Feodor Dostoievski

Dostoievski

Dostoyevsky’s literary works explore human psychology in the troubled political, social, and spiritual atmosphere of 19th century Russia, and engage with a variety of philosophical and religious themes.

Feodor was the second child out of seven of Michael and Maria Dostoievski. Immediately after his mother died of tuberculosis in 1837, he and his brother, Michael were sent to the Military Technical Academy in Sankt Petersburg. Their father, a retired military surgeon who worked at the poor people Hospital Mariinski (Saint Mary) in Moscow, died in 1839. Although not certain, it seems that he was killed by a servant who poured vodka down his throat to suffocate him. Whatever really happened, Sigmund Freud was curious about this episode and he even wrote an article “Dostoievski and the parricide” in 1928. Dostoievski was arrested and imprisoned in 1849 for anti-state activities against Tsar Nicholas I. On 16 November of that year, he was sentenced to death for links with a group of intellectual liberals from the Petrashevski Circle.

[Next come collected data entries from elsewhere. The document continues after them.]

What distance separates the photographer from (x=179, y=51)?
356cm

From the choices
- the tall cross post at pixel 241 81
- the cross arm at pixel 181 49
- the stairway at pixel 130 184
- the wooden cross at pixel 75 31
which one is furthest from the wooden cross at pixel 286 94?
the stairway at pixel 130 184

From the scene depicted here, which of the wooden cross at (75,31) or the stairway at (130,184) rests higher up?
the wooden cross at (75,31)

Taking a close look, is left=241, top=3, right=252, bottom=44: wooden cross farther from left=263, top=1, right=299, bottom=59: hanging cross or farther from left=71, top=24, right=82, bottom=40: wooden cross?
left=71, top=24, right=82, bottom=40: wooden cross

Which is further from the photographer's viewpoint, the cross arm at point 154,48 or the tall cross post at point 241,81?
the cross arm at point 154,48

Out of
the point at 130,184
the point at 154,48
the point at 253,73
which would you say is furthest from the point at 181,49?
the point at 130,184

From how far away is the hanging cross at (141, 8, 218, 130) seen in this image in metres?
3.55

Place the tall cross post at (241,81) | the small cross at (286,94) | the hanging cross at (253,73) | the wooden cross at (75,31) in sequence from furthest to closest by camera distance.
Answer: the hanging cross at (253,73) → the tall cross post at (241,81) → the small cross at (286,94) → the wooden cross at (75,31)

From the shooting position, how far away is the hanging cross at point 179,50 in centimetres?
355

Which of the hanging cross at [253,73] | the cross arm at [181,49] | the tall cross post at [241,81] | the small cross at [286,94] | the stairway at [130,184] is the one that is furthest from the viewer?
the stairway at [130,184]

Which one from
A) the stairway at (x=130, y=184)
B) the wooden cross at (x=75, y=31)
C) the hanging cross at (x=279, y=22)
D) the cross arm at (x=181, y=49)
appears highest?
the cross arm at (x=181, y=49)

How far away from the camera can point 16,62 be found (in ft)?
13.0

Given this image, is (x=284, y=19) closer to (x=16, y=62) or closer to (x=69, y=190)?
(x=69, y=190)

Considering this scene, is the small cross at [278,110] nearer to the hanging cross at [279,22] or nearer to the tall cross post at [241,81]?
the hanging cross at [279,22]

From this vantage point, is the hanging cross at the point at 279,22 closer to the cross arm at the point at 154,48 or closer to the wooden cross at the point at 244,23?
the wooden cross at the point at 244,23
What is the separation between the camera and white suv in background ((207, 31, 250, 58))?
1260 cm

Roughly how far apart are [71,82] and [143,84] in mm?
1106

Together with other detainees, he was transported to the square where the executions took place and was passed through the whole procedure of announcing the death sentence by shooting. After four years spent in “katorga”, followed by other five years of compulsory military service, Feodor Dostoievski returned to Petersburg where he resumed his literary work. By the time of his arrest, he had been placed in the shadow of Gogol by the critics.

In 1860, he returned to Sankt Petersburg, where he started publishing a number of literary newspapers with his older brother, Michael, but without any great success. In 1864, his wife died, an event that left him severely affected. Soon, he lost his brother, who was very dear to him. As Dostoievski had no financial savings and all his endeavors hadn’t foresee any source of income, the writer fell into an accentuated depression accentuated and started to gamble, a habit from which he accumulated huge debts.

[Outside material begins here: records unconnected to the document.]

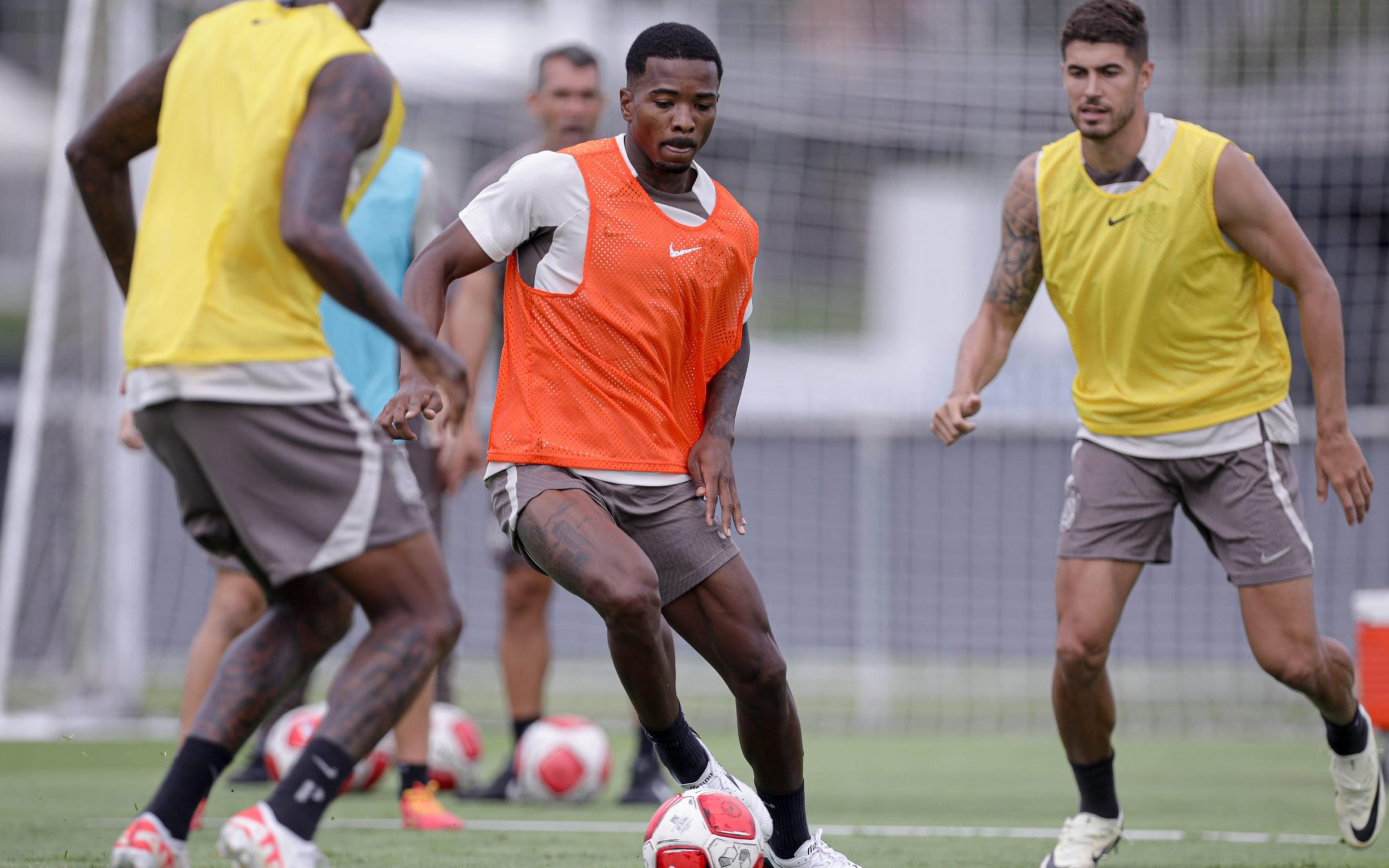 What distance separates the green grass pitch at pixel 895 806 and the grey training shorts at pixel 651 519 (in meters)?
0.96

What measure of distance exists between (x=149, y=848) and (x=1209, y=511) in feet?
10.8

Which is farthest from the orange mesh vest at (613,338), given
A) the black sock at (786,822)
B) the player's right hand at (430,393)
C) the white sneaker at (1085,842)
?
the white sneaker at (1085,842)

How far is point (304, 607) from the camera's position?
152 inches

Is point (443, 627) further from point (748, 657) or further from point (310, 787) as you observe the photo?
point (748, 657)

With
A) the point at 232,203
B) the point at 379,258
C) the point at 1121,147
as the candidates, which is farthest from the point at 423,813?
the point at 1121,147

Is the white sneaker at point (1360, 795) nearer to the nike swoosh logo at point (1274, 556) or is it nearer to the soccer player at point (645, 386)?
the nike swoosh logo at point (1274, 556)

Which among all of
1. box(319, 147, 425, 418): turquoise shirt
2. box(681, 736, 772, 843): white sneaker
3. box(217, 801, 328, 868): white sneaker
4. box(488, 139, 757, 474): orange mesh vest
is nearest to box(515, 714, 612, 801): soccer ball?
box(319, 147, 425, 418): turquoise shirt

He suffered a lot from the passion of the game and from its effects. It seems that the novel “Crime and Punishment”, the writer’s best known novel, was completed in a hurry in order to give it for publication, which would have brought a cash advance from the publisher. Dostoievski wrote the novel at the same time as he wrote “The Gambler” to satisfy the pretensions of his publisher, Stellovski which according to the contract, unless he got a new opera, he would have acquired the copyright for all of Dostoievski’s works.

Dostoievski married Anna Snitkina in 1867, a woman of only 20 years old, a professional stenographer. In this period, he wrote his most important works. From 1873 to 1881, Feodor managed to avenge his journalistic failures and edited a monthly newspaper called “A Writer’s Diary”, containing stories, drawings and articles about current events. The newspaper was a phenomenal success.

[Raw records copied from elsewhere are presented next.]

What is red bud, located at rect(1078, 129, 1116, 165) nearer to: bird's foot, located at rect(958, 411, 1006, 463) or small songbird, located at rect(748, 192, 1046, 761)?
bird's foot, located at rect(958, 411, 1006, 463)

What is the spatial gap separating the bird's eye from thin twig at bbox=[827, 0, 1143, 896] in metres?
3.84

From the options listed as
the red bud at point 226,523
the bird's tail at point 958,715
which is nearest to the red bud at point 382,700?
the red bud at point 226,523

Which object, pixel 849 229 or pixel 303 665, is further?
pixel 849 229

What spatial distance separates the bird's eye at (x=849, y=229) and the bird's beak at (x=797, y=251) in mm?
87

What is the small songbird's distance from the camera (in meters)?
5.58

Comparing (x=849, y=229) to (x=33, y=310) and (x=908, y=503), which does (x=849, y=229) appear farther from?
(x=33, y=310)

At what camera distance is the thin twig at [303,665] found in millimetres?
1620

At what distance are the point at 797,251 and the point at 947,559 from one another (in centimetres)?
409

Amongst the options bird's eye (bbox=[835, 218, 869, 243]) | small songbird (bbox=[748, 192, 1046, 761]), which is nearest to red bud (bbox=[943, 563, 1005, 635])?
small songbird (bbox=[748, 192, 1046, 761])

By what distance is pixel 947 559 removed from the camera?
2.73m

The influence of Dostoievski was huge, practically there is no important novelist in the 20th century, from Herman Hesse to Marcel Proust, William Faulkner, Albert Camus, Franz Kafka, Henry Miller, Yukio Mishima, Gabriel García Márquez, Vladimir Nabokov, Henry James, Joseph Conrad and D.H. Lawrence, upon which Dostoievski hadn’t exercise his influence. American novelist Ernest Hemingway quoted Dostoievski as a source of major influence in his autobiography.

Dostoievski’s novels are compressed in time (the action takes only a few days) and this process helped the author to get rid of one of the important characteristics of realistic prose, the corrosion of human life in time. His characters are in fact translations of spiritual ideas and thus, are out of this plea of time, they are timeless. Other themes that obsessively recure are: suicide, wounded pride, the collapse of family values, spiritual regeneration by means of suffering (most important motive), rejection of the Western culture and affirmation of the Tsarist Russian Orthodoxy values. Russian literary critics like Mikhail Bakhtin have characterized his work as “polyphonic”: unlike other novelists, Dostoievski was not interested in a “single vision”, but he rather represented the situations as a suite of angles of very different forms. This is the reason why his novels are extremely dramatic, they are novels of ideas where conflicting views and characters often develop in an unbearable crescendo.